- PROBLEM STATEMENT -
Give back exactly the lines running from the line with "Zegna sz39-44 mns0909" to the end of the entries, and only those lines.

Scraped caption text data
——————

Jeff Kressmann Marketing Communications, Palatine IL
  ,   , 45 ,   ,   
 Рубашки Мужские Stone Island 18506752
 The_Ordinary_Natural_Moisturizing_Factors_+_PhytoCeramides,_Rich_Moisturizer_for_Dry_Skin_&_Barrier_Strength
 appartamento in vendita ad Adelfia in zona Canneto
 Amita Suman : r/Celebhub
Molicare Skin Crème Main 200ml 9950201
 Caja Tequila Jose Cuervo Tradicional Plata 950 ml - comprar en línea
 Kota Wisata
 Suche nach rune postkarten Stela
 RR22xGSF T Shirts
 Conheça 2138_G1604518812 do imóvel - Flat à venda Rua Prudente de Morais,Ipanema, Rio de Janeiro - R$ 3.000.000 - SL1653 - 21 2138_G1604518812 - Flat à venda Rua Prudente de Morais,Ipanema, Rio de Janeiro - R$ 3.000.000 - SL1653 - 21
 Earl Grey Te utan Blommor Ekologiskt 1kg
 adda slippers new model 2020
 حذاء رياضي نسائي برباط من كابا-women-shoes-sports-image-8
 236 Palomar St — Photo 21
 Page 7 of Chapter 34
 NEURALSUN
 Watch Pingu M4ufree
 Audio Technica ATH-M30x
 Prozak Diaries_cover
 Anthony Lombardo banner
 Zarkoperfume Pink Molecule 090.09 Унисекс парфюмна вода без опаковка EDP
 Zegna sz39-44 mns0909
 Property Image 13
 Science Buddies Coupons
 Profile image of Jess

——————

- SOLUTION FOR THIS PROBLEM -
 Zegna sz39-44 mns0909
 Property Image 13
 Science Buddies Coupons
 Profile image of Jess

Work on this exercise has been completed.